Умершие живут со мною рядом.
* * *
– Мы здесь, – говорят мне скользнувшие легкою тенью
Туда, где колышутся легкие тени, как перья, –
Теперь мы виденья, теперь мы порою растенья
И дикие звери, и в чаще лесные деревья.
– Я здесь, – говорит мне какой-то неведомый предок,
Какой-то скиталец безлюдных просторов России, –
Ведь все, что живущим сказать я хотел напоследок,
Теперь говорят за меня беспокойные листья осины.
– Мы вместе с тобою, – твердят мне ушедшие в камень,
Ушедшие в корни, ушедшие в выси и недра, –
Ты можешь ушедших потрогать своими руками, –
И грозы и дождь на тебя опрокинутся щедро…
– Никто не ушел, не оставив следа во вселенной,
Порою он тверже гранита, порою он зыбок,
И все мы в какой-то отчизне живем сокровенной,
И все мы плывем в полутьме косяками, как рыбы…
* * *
В детстве мне казалось, что «бессмыслица» это бабочка,
Но бабочка, которую увидит не всякий,
Бабочка, у которой на крылышках серебристая пыльца.

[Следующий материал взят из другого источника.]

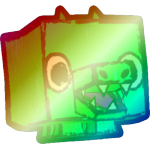 Shiny Rainbow Doodle Crocodile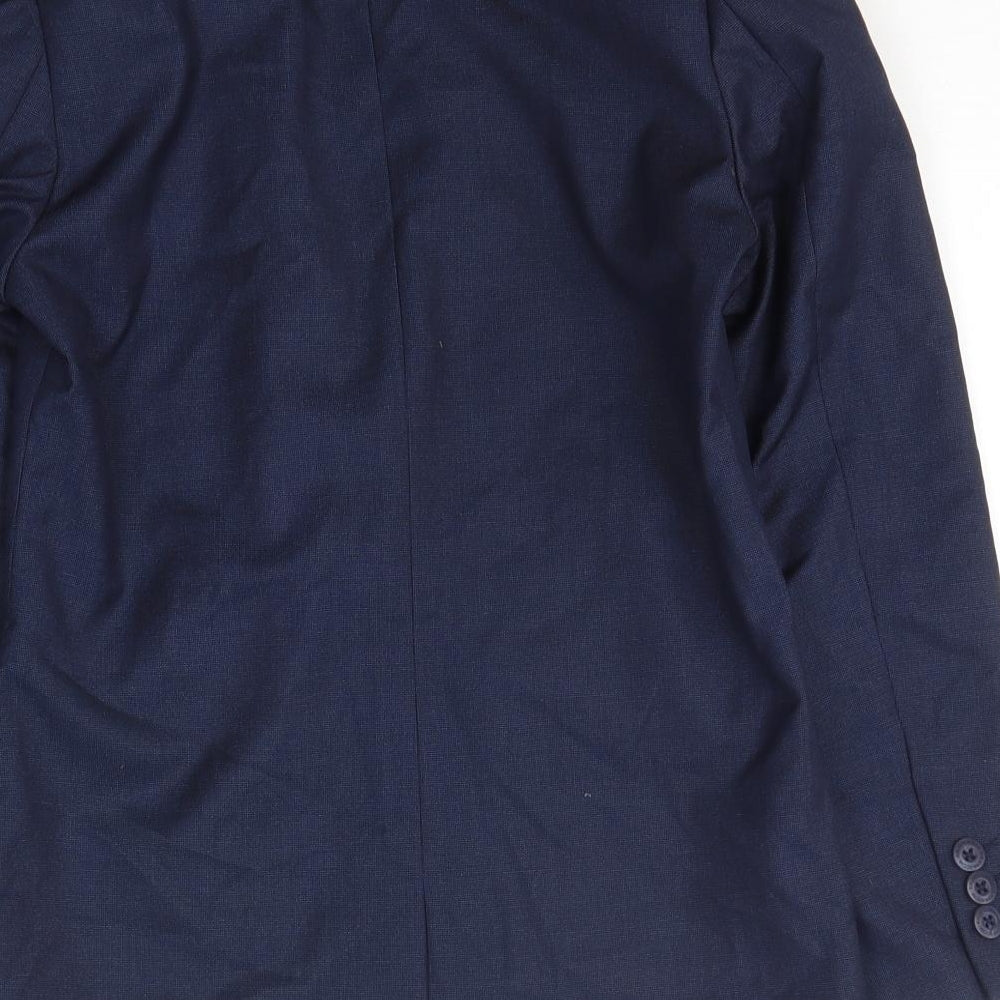 RJR.John Rocha Boys Blue Jacket Blazer Size 11 Years Button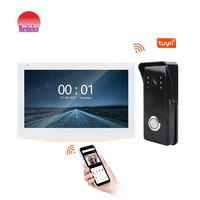Sistema de Intercomunicación con Videoportero 1080P IP65 Impermeable, Aplicación Tuya, Pantalla Táctil, para Interiores y Exteriores, Casa, Villa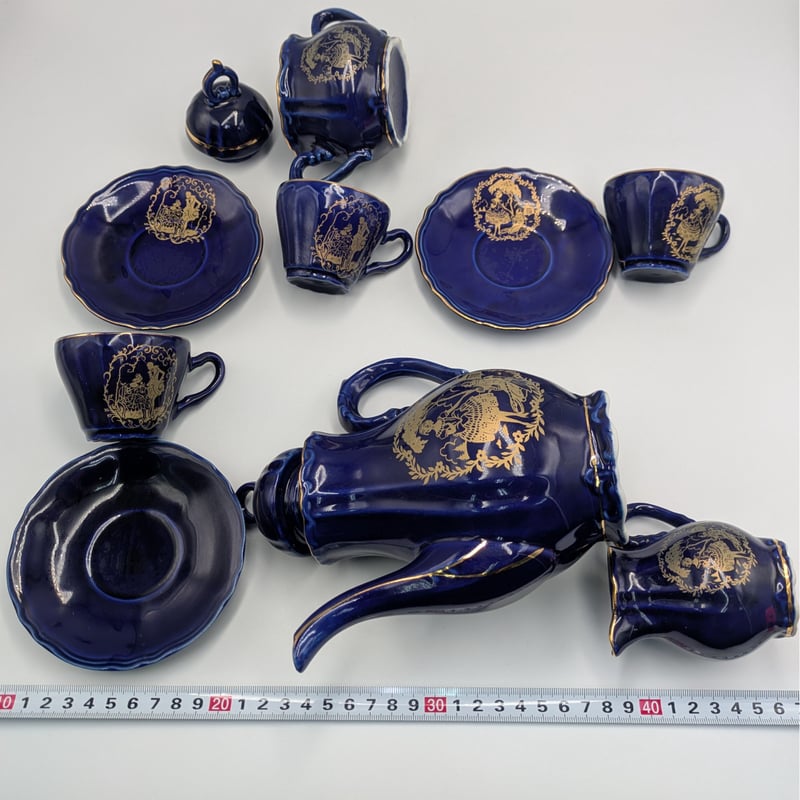 ティーセット 7点セット ティーポット シュガーポット クリーマー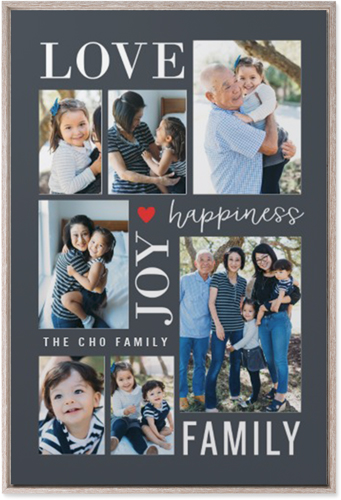 Happiness Is Wall Art, Rustic, Single piece, Mounted, 24x36, Gray, gray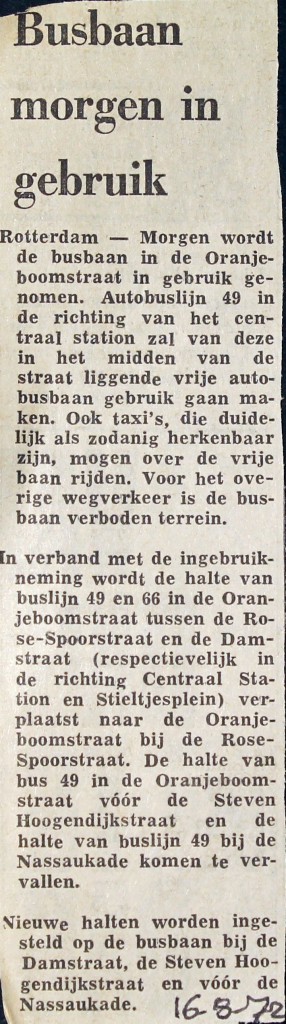 19720816 Busbaan in gebruik.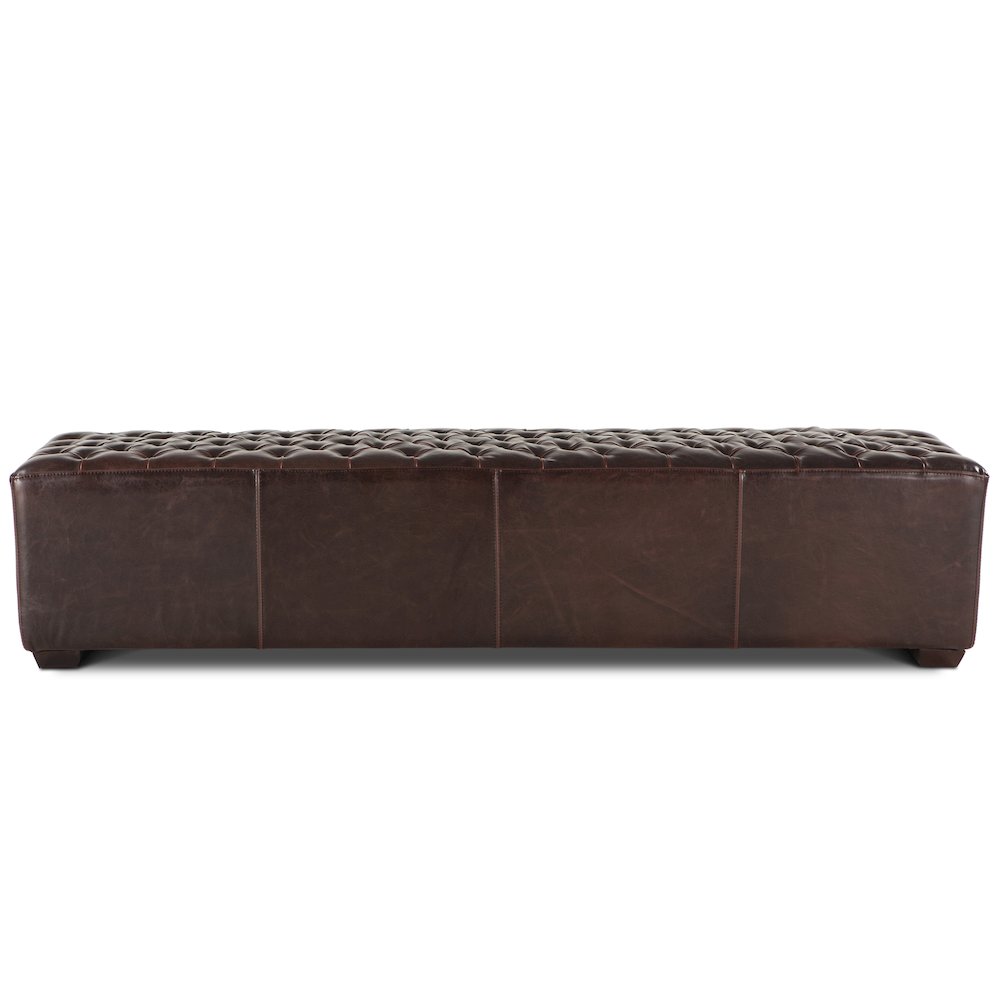 Arabella 79" Bench in Brown Leather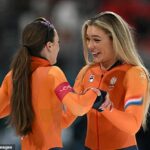 Jutta Leerdam terminou em segundo lugar, atrás de sua companheira de equipe holandesa Femke Kok na corrida de 500m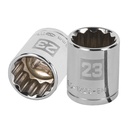13537 / Dado de 23 mm, 12 puntas, cuadro 1/2', Truper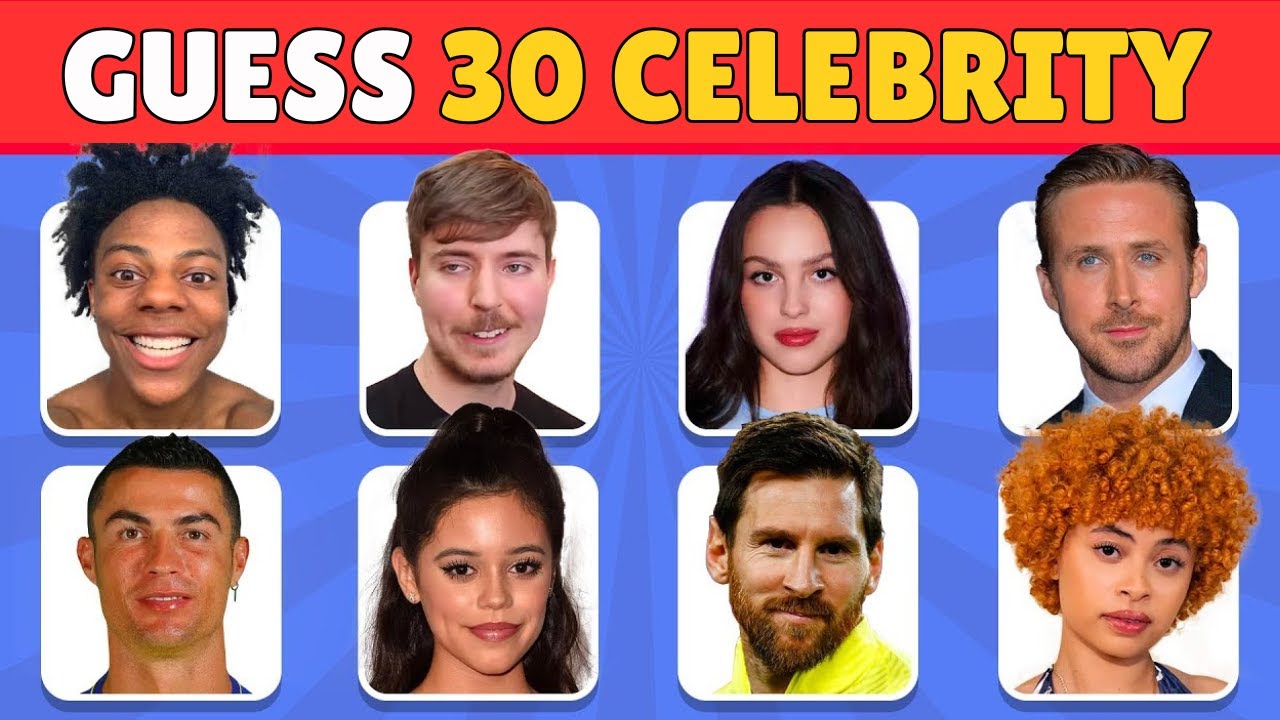 Can You Guess These Celebrities in 3 Seconds? | 30 Famous People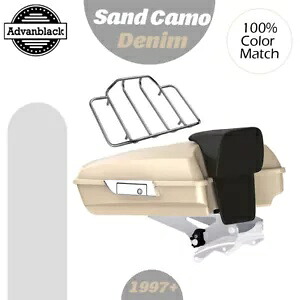サンド迷彩デニム レイザー ツアー パック 97+ ハーレー ストリート ロード エレクトラ ツーリング用 Sand Camo Denim Razor Tour Pack Pak For 97+ Harley Street Road Electra Touring 【並行輸入品】
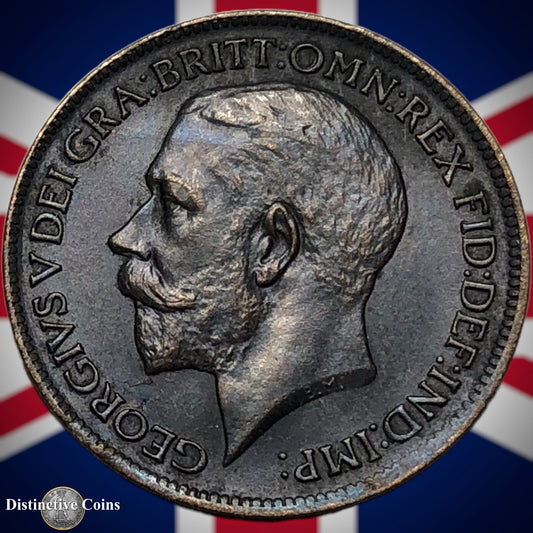 Great Britain 1911 Farthing 1/4d GB4643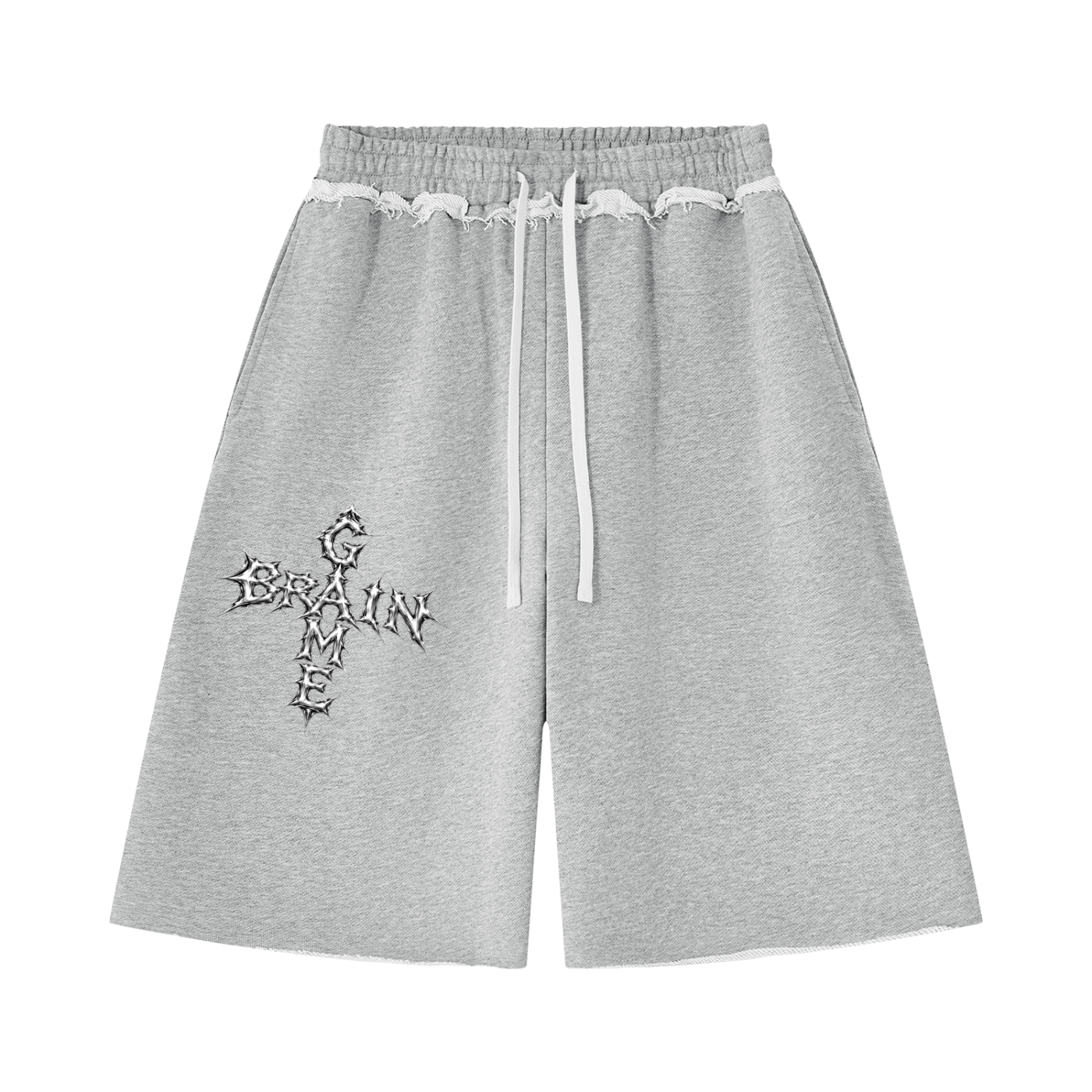 BG “Almighty” Heavyweight Raw Edge Shorts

Те, кто говорили «бессмыслица», пожимали плечами,
И глаза у них были глазами обиженных детей:
Некоторым из них казалось, что они эту бабочку видели,
Но поди поймай ее – «бессмыслицу»!
А я вот увидел ее почти взаправду,
Но увидел не в детстве, а в ранней юности, –
Оказалось: что «бессмыслица» не бабочка, а птица,
Птица с маленькою головкою лугового цветка
И зелеными глазами недоступной мне женщины, –
Это ведь в нее влюбился я в восьмом классе,
В учительницу русского языка, –
И она мне приснилась во сне,
И я даже пытался сказать ей что-то о своей любви,
Но она с обидой пожала плечами:
«Какая-то бессмыслица!»
* * *
Вот женщина – она встревожена,
Что мужичонка захудалый
Не воздает ей как положено,
А ей нужны дворцы и залы,
И лесть и грубая и тонкая,
И даже царская корона,
Чтоб утверждать над мужичонкою
Свою гордыню непреклонно.
Вот женщина – она купается
И не таит своей отваги,
И все ей, грешнице, прощается,
Она ведь тоже вся из влаги, –
Текуче лоно плодоносное,
Текучи груди – два потока,
И все течет, и все уносится,
И все прекрасно и жестоко…
Вот женщина – она доверчиво
Стоит, как вечности порука…
Вселенная ведь тоже женщина
И, стало быть, ее подруга.
Она расчесывает волосы
И вся трепещет, как мембрана,
И вся, как вечность и как молодость,
Творит и гибнет неустанно.
* * *
Тоскую, тоскую, как будто на ветке кукую,
Как будто на лодке ушкую – тоскую, тоскую.
Тоскую по ветке, по лодке тоскую, по птице,
По жизни тоскую – приснившейся быль-небылице.
Тоскую, тоскую – я жил в шалаше камышовом,
Закаты и зори горели огнем кумачовым.
В лесу ночевал я, лежалой орешине веря,
Бок о бок с косматою шкурою хмурого зверя.
Бок о бок с душою – с медведицей дико-большою –
В лесу ночевал я; а вот я бреду отрешенно
По пыльной дороге – и кличу Христа на дороге,
И вяжут мне зори кровавыми путами ноги.
Христос о те поры бродил по дороге с сумою,
Да только побрезгал – чужим, неприкаянным – мною,
А дьявол легонько-легонько толкнул меня в плечи,
И вот я трещу в жерловине праматери-печи.